Dadua’s color faded. “The death of a priest is not enough?”

“We sinned as a nation. We are admonished to live separately, to honor God above idols and legends and nature, to honor him
with our lives.”

The realization hit Dadua. Cheftu watched his face change, the anger and indignation fade to shame and brokenness. “I led
them in pagan practice,” Dadua moaned, falling to his knees, stricken. “I tried to make us as other nations! I led them in
believing the Seat was an artifact, not the home of the living God!” He picked up clumps of dirt and manure, rubbing them
on his face, in his hair, and onto his iris blue clothing. “Shaday, Shaday, I was wrong! Forgive me for blaspheming your holiness!”

“Are you sure we should leave the Seat here?” one of the priests asked. “Should we not try to take it into the city?”

“And endanger more of my people when the sin is mine alone?” Dadua asked, his face streaked with brown. “
Ani haMelekh
. The responsibility is mine, as is the punishment.” Tears overflowed his eyes. “We need, I need, to know more of
el ha
Shaday. I need to be forgiven for my pride in marching the Seat before the other rulers to impress them. I need to remember
that the Seat, the Tent, the practices, are for God, not for us.”
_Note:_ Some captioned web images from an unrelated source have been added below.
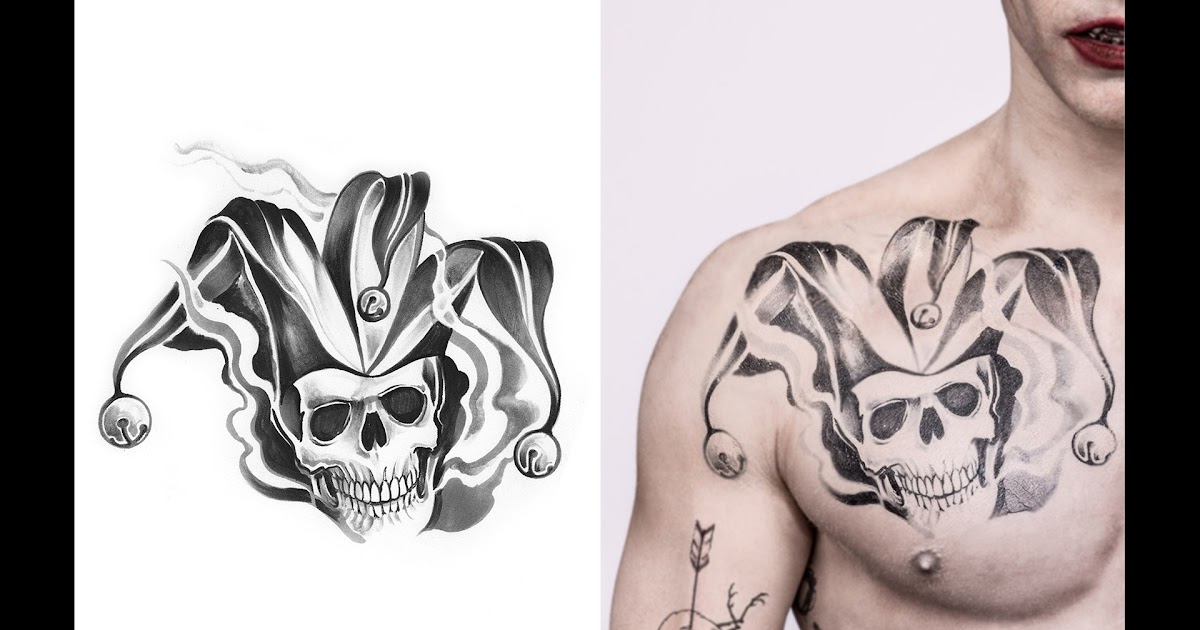 Simple Tutorial For Dummies Jared Leto Joker Tattoo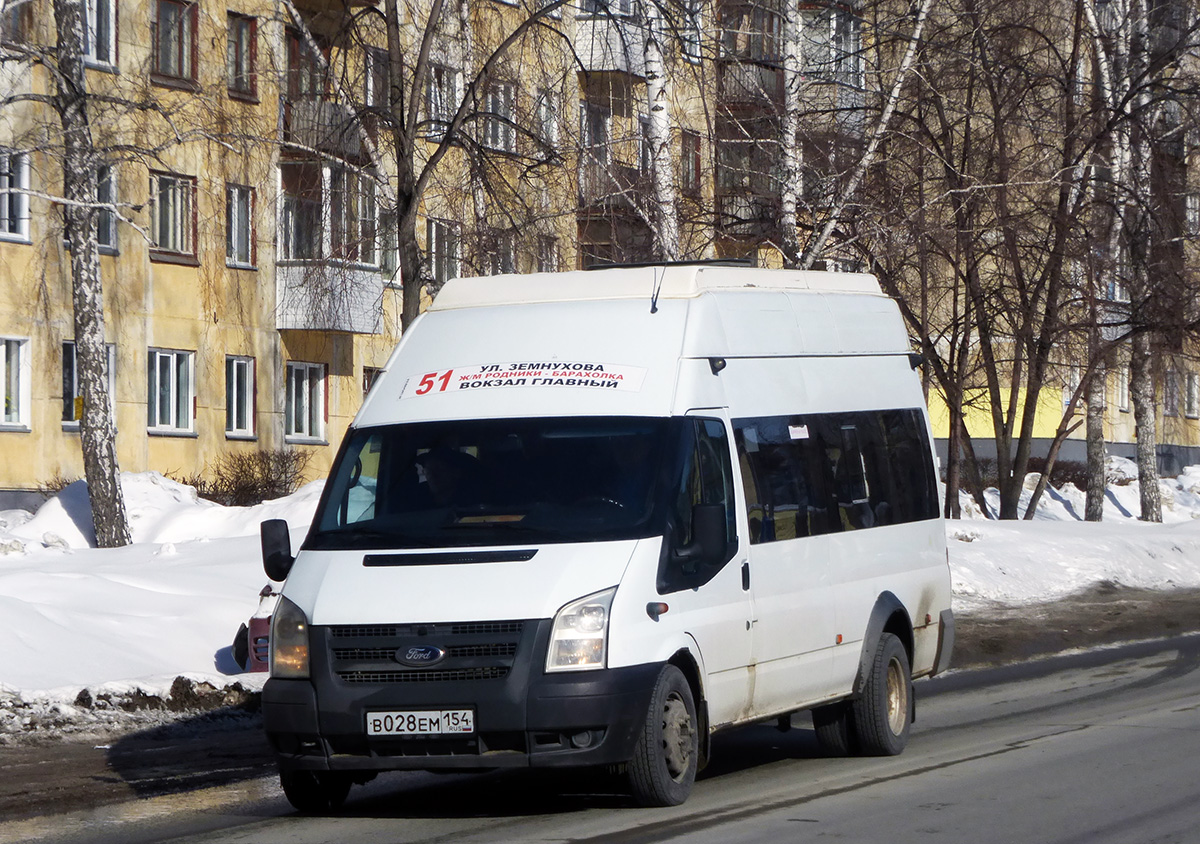 Новосибирская область, Нижегородец-222709  (Ford Transit) № В 028 ЕМ 154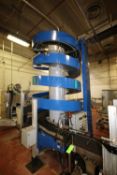 2009 Ryson 5-Tier Spiral Conveyor, Model 1-1300-400-C1-4.5, S/N 102921, ~15 ft. High with Allen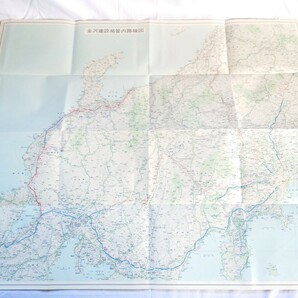 古い地図 日本道路公団 金沢建設局管内図 77ｘ94cm 昭和レトロ レトロ印刷物 パンフレットの画像3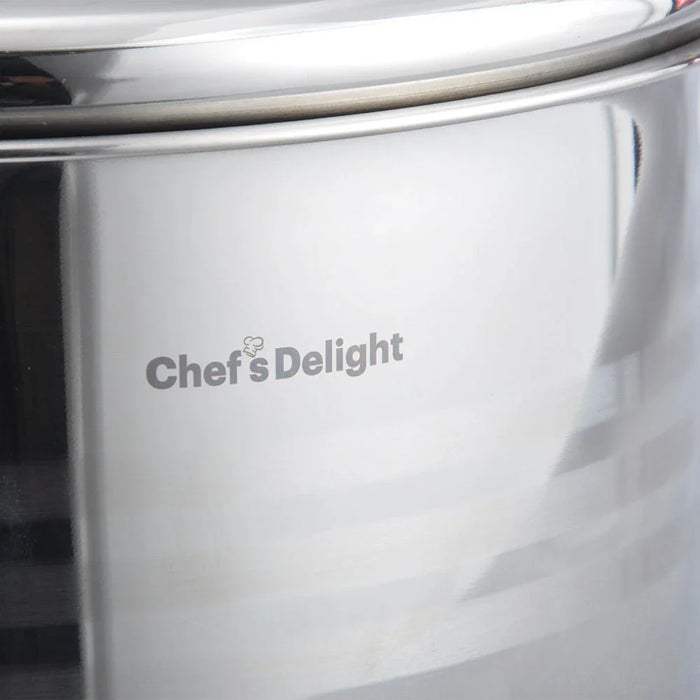Chef's Delight 9-Piece Stainless Steel Cookware Set
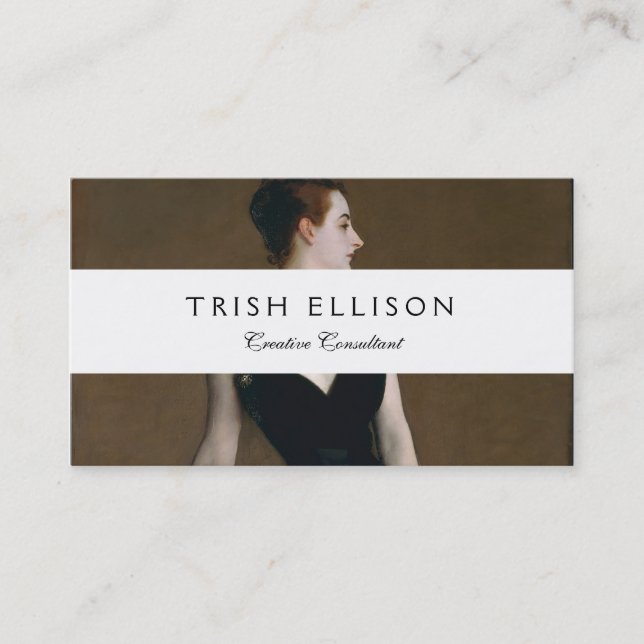 Tarjeta De Visita John Singer Sargent Madame X Classic Retrato (Anverso)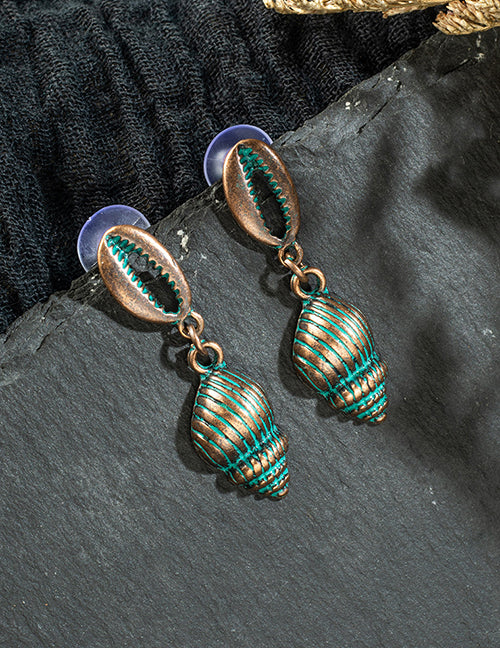 E1649 Bronze Sea Shell Earrings - Iris Fashion Jewelry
N’tan’s black pointed brows rose in fury. “You did this for pride? To impress the pagans of Egypt and Tsor?”

“I was wrong, I was wrong.” Dadua was sobbing openly now. “I thought nothing I could do would err, but I was wrong.”


el ha
Shaday looks on you with favor, as no man has ever seen, but he is still God, beyond the mountains, beyond the sea, beyond
the stars,” N’tan raged. “He is not controlled by us.”

A point made abundantly clear today, Cheftu thought.
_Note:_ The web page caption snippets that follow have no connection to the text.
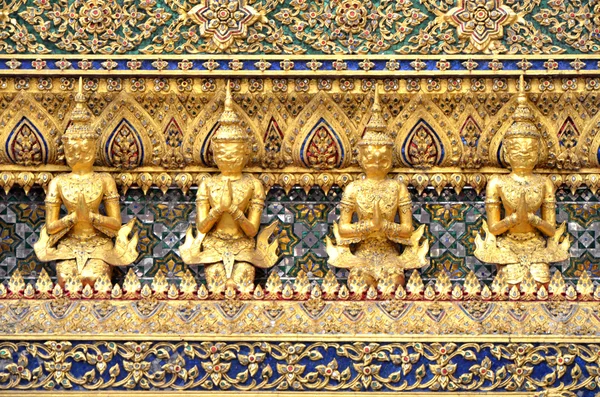 翡翠佛 （玉佛寺）、 曼谷、 泰国 图库图片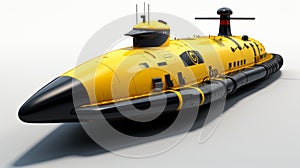 Yellow Submarine 3d Model: Cryengine Style With Precisionist Lines photo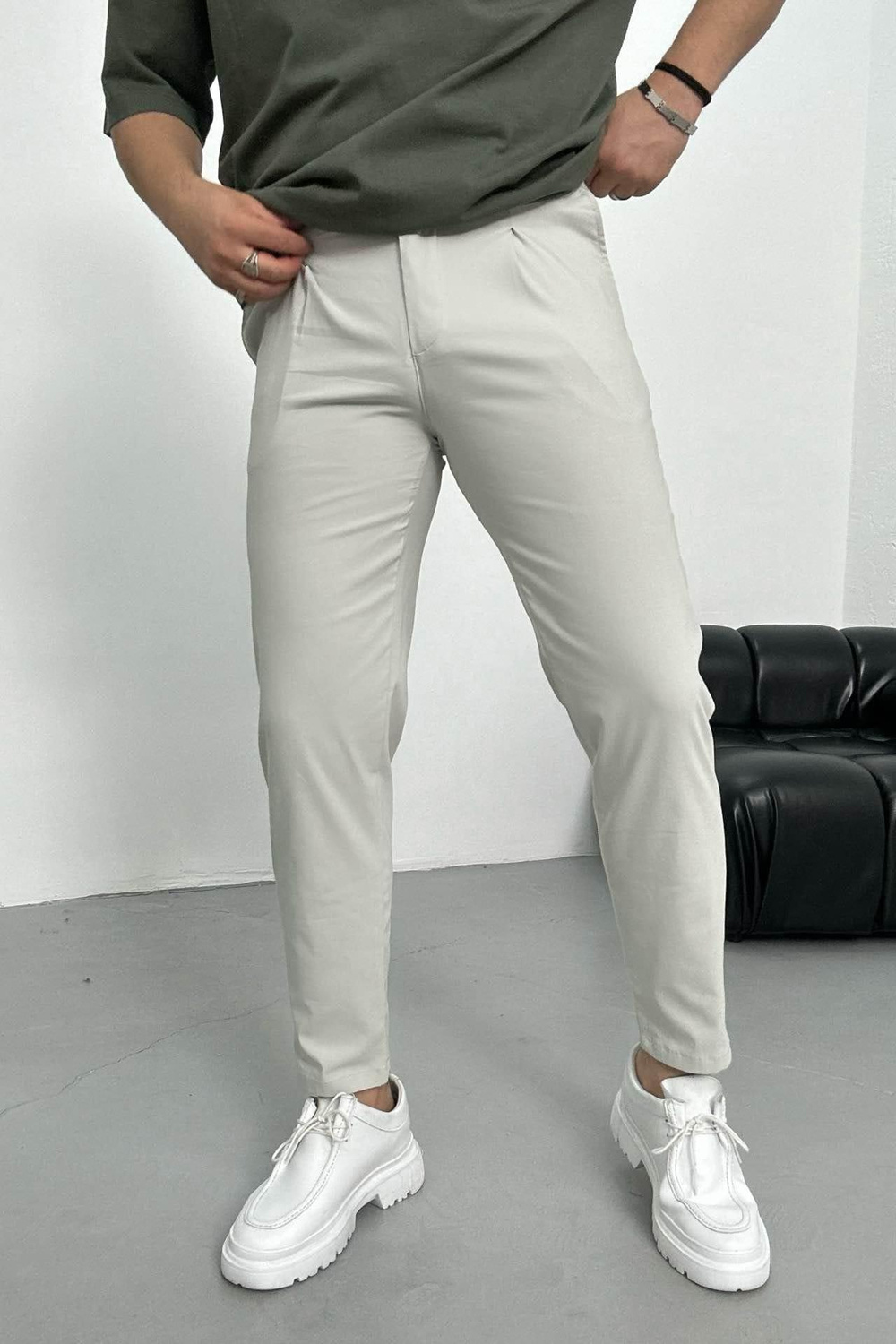 Wholesale Men's Stone Slim Fit Pants 1504W26-PNT5004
“He is immortal and invisible; we are earthlings formed of dirt!” The
tzadik
spun on his heel, leaving. Dadua beat his head on the dirt, startling the animals that were being led away, drawing sympathetic
glances from the priests.

“As the deer thirsts and pants for flowing water, so my
nefesh
thirsts after you. My
nefesh
longs after you, Shaday, the living God. When can I meet with you? My tears feed me as I hear men say, ‘Where is your God?’
I remember these words as I pour my
nefesh
before you. In my youth I joined the tribesmen, leading the procession to where your house resided. With joy and thanksgiving,
we were a festive group.”

“There was no joy, no thanksgiving, today,” another priest said. “It was ownership, even lust.” He dropped to his knees, wiping
dirt on his robe, crying out.
“My
nefesh
is downcast and disturbed in my
guf,
my flesh. I place my hope in Shaday, I will praise him even now, for he saves me, he is my God.”
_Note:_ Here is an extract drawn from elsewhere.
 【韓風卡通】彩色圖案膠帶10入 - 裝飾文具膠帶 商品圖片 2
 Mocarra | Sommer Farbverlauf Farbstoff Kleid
Cheftu watched the priest and Dadua speak in words Cheftu knew as the psalms, though now they seemed genuine pleas to God,
not written and poetic.
“Even as my
nefesh
is downcast, I will remember you,”
the priest said.
“Through the Yarden to the heights of Hermon. Deep calls to deep in the roar of the waterfalls, the sea has swept over me.

“By day
el
Shaday directs his love. At night I hear his song in me, a prayer to the God of my life.”

Dadua beat his breast, shouting at the roof, prostrate before the Seat.
“I say to you, Shaday, the rock of my life, why have you forgotten me? Why do I mourn, why am I oppressed like an enemy?”

His voice cracked as he raised up, his hands in the air. His next words were from a throat raw with weeping, a soul torn.
“Why is my
nefesh
downcast? Why this disturbance? I will trust in God, I will believe in his
chesed.
I will praise him, for he is God, my God.”